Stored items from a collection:

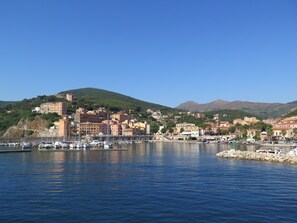 Marina - Casina Solu by Interhome (Rio Marina)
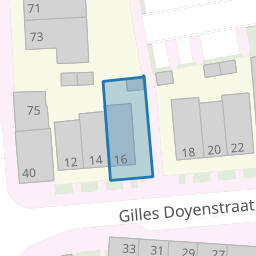 Perceel MTT00-L-4905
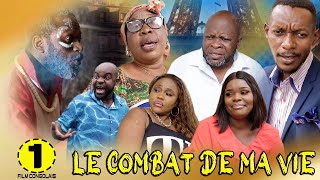 THÉÂTRE CONGOLAIS 2024  quotLE COMBAT DE MA VIEquotEP1 AVEC CHIKITODELAPAIXMARINAELKOLOSONZAU [upl. by Esinet]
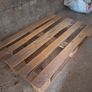 Free large dumpty bag & pallet Image 3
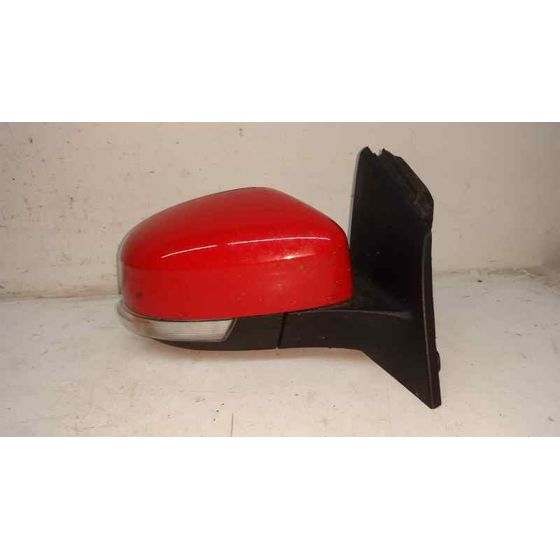 Retrovisor Derecho Para Ford Focus Lim.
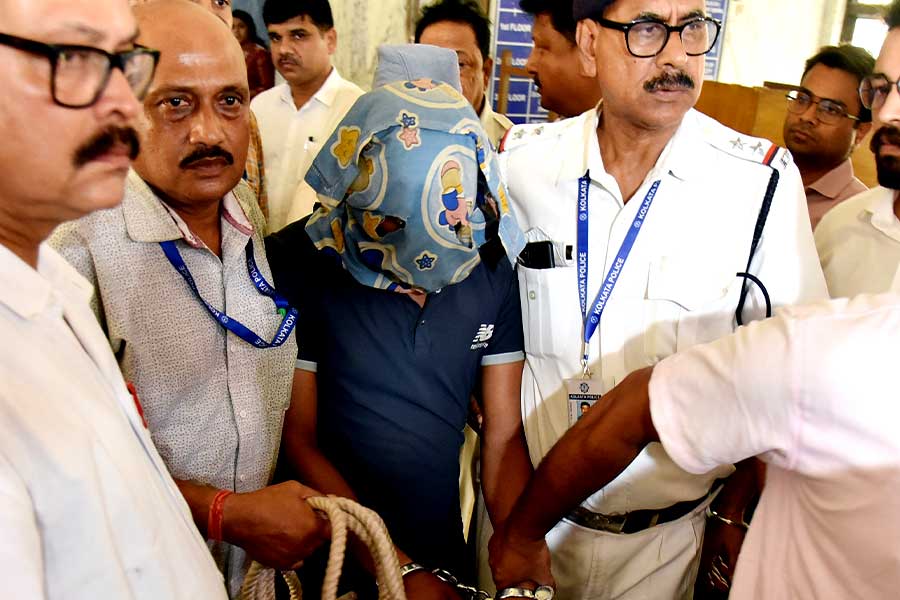 Nirbhaya's father raises question on claim of convicted Sanjay Ray in RG Kar case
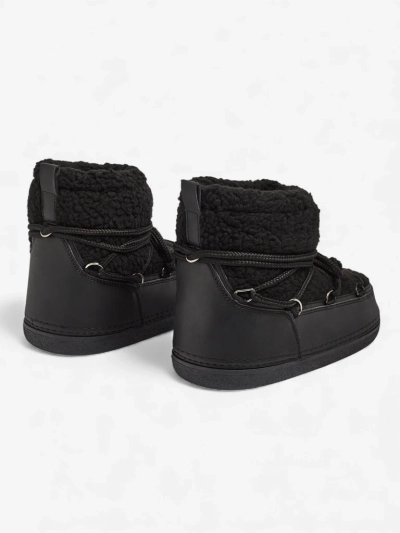 Naiste kasukaga saapad Uvella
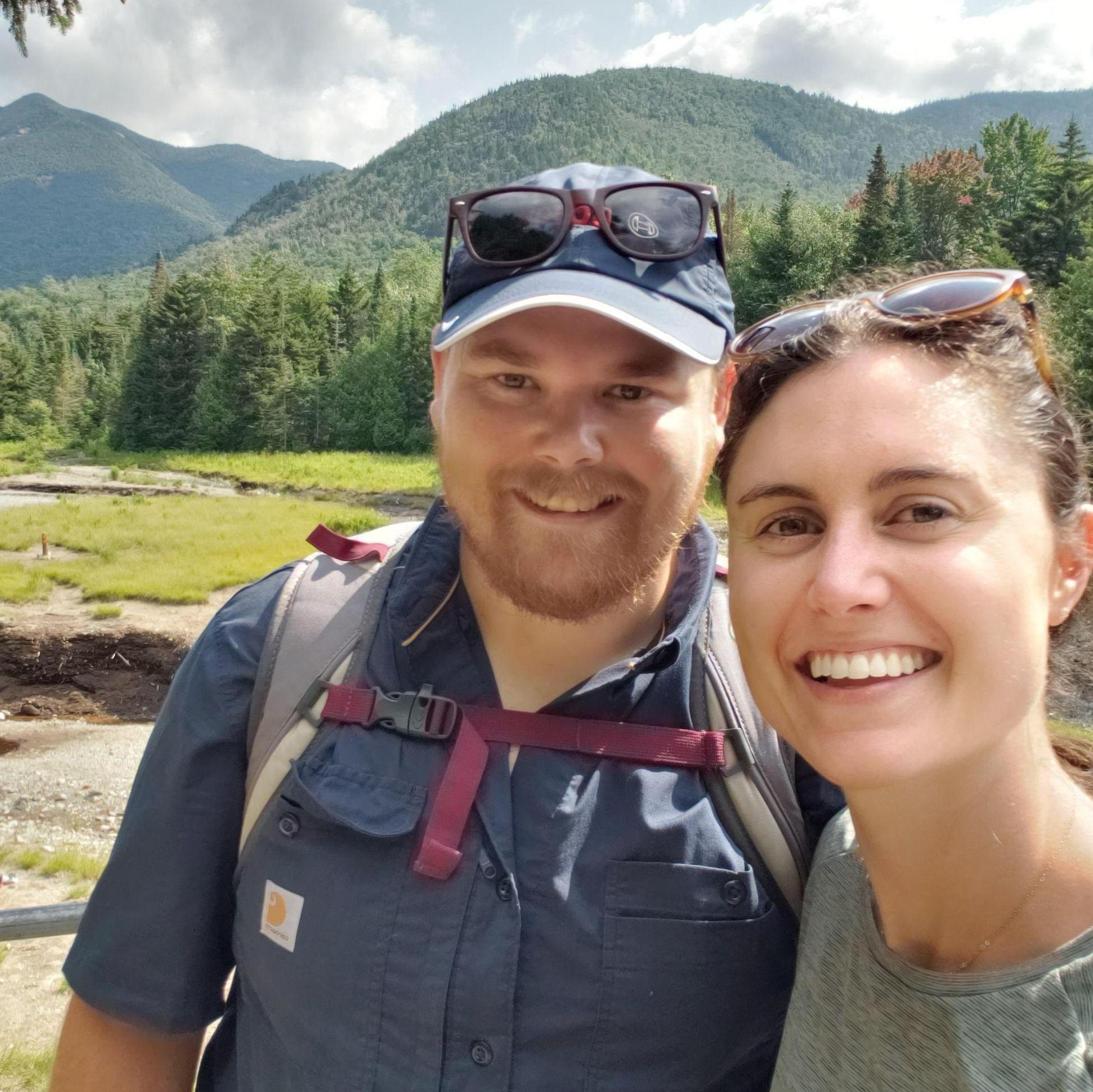 High peaks ADKS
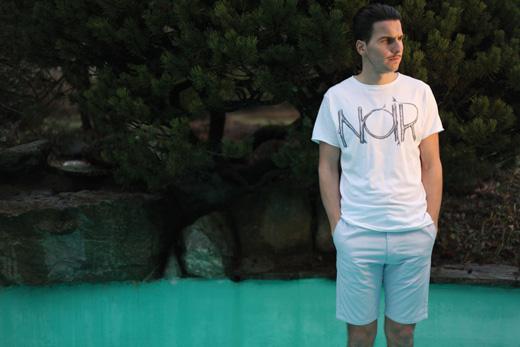 sixpack france ss11 dust to dust lookbook SixPack France SS’11 Collection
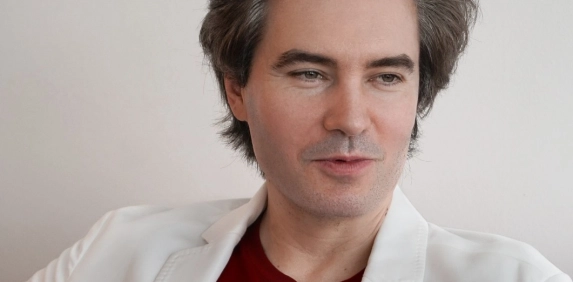 Neurocientista &Aacute;lvaro Machado Dias &eacute; confirmado na ExpoMais 2023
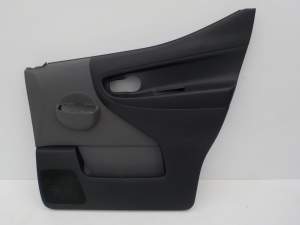 TAPICERKA DRZWI NISSAN NV200 PRAWA 80976BJ00A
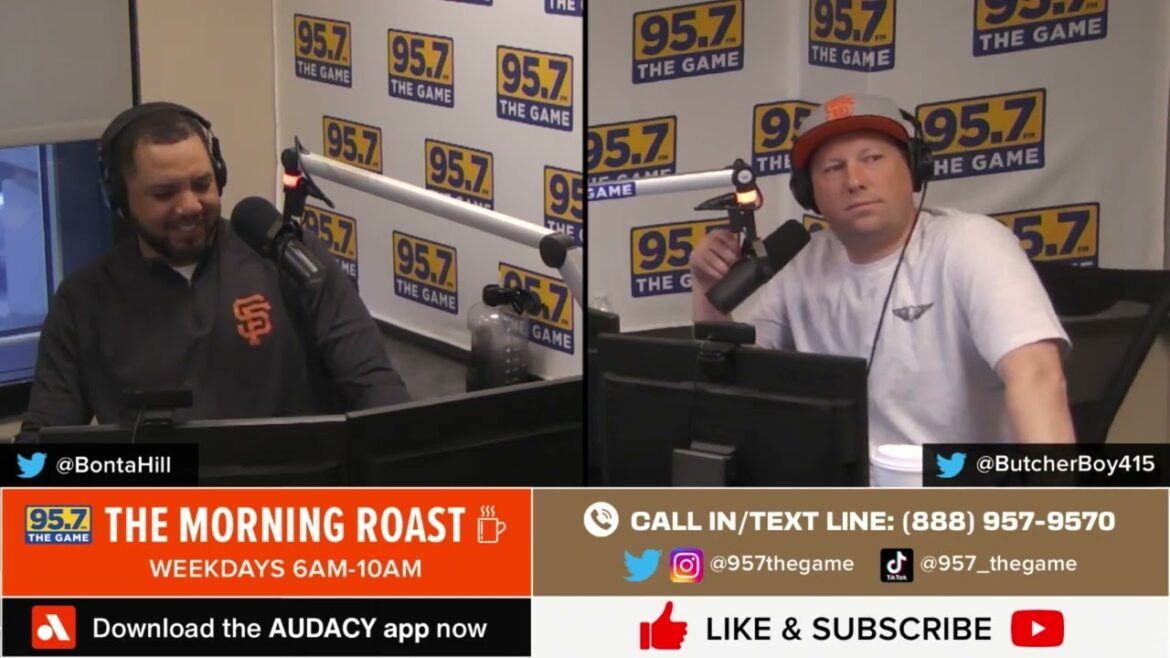 Another Chance For The Giants To Get Shohei Ohtani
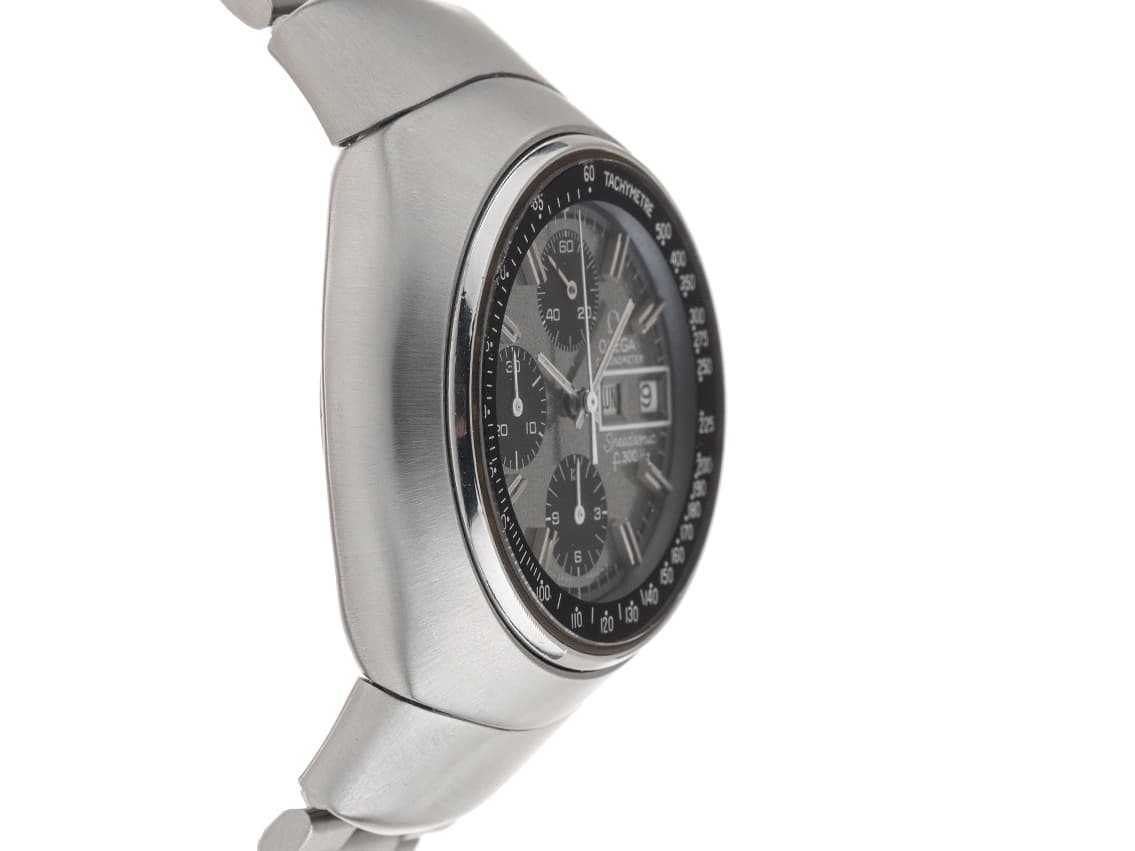 Omega Seamaster – Ref. 388.0800, good – Image 2/8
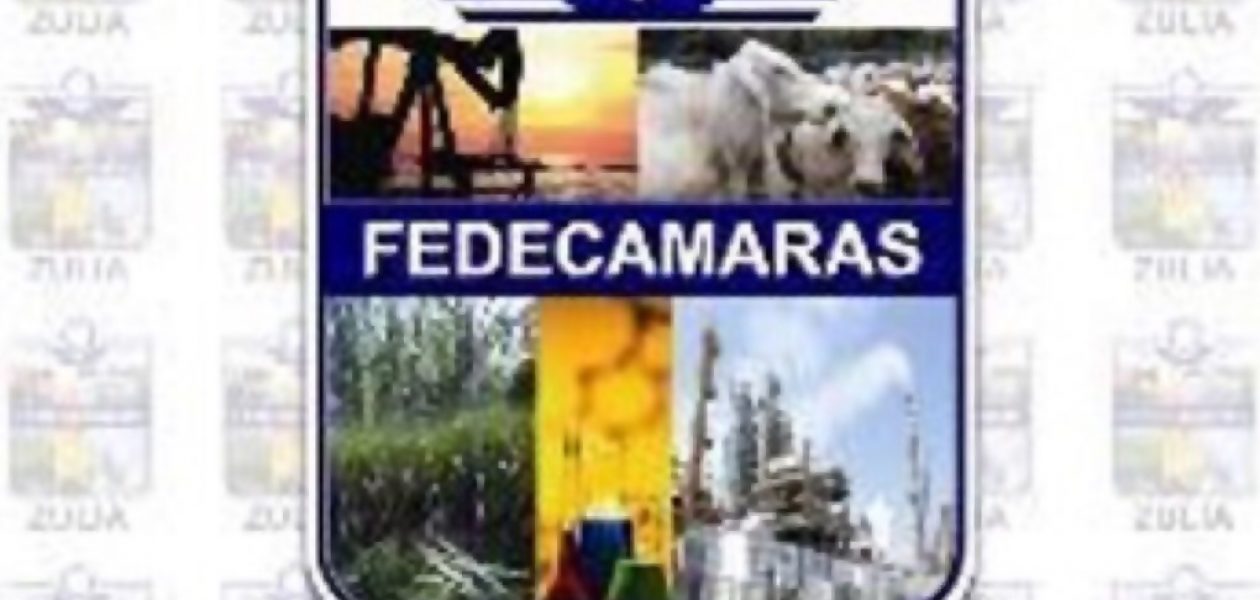 Fedecámara Zulia inicia el año «deprimido» (Comunicado)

Your task: Print the entries above word for word, without pictures.

Solved problem:
 Marina - Casina Solu by Interhome (Rio Marina)
 Perceel MTT00-L-4905
 THÉÂTRE CONGOLAIS 2024  quotLE COMBAT DE MA VIEquotEP1 AVEC CHIKITODELAPAIXMARINAELKOLOSONZAU [upl. by Esinet]
 Free large dumpty bag & pallet Image 3
 Retrovisor Derecho Para Ford Focus Lim.
 Nirbhaya's father raises question on claim of convicted Sanjay Ray in RG Kar case
 Naiste kasukaga saapad Uvella
 High peaks ADKS
 sixpack france ss11 dust to dust lookbook SixPack France SS’11 Collection
 Neurocientista &Aacute;lvaro Machado Dias &eacute; confirmado na ExpoMais 2023
 TAPICERKA DRZWI NISSAN NV200 PRAWA 80976BJ00A
 Another Chance For The Giants To Get Shohei Ohtani
 Omega Seamaster – Ref. 388.0800, good – Image 2/8
 Fedecámara Zulia inicia el año «deprimido» (Comunicado)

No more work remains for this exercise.